## ASSIGNMENT
Would you please set down, word for word, the lines from the one with "Anti-NF-kB p65 antibody [E379](AB32536)" through the final line of the data below, omitting any pictures?

## RAW DATA
::::::::

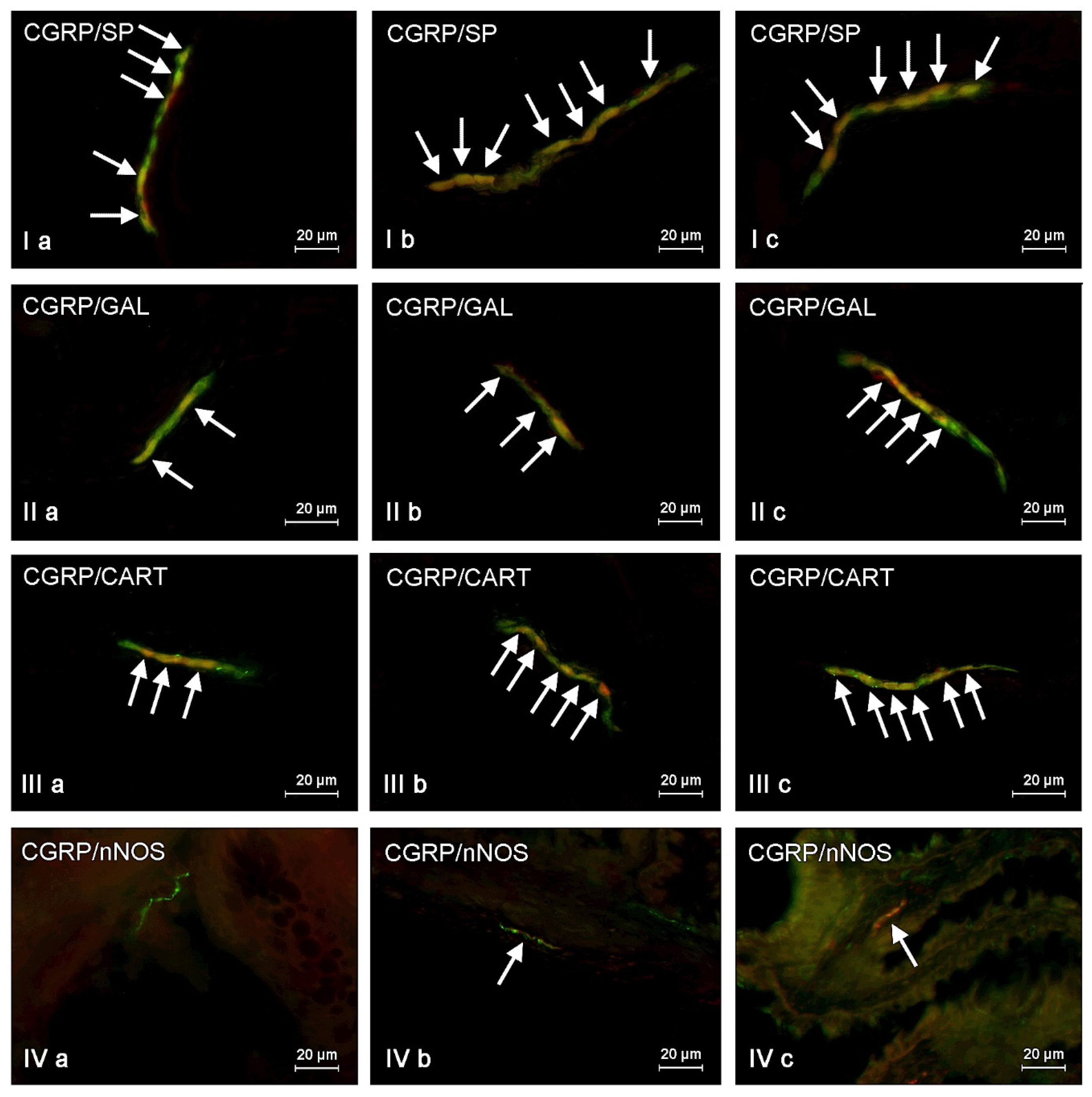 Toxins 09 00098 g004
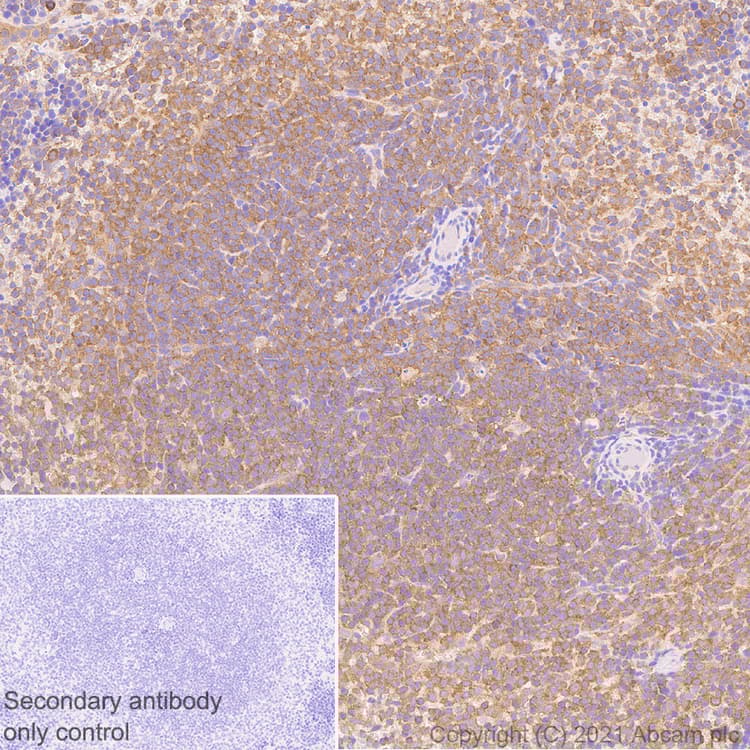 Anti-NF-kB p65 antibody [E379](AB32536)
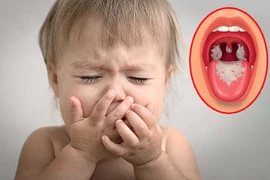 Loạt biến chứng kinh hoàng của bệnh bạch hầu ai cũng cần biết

::::::::

## RESPONSE TO THIS TASK
 Anti-NF-kB p65 antibody [E379](AB32536)
 Loạt biến chứng kinh hoàng của bệnh bạch hầu ai cũng cần biết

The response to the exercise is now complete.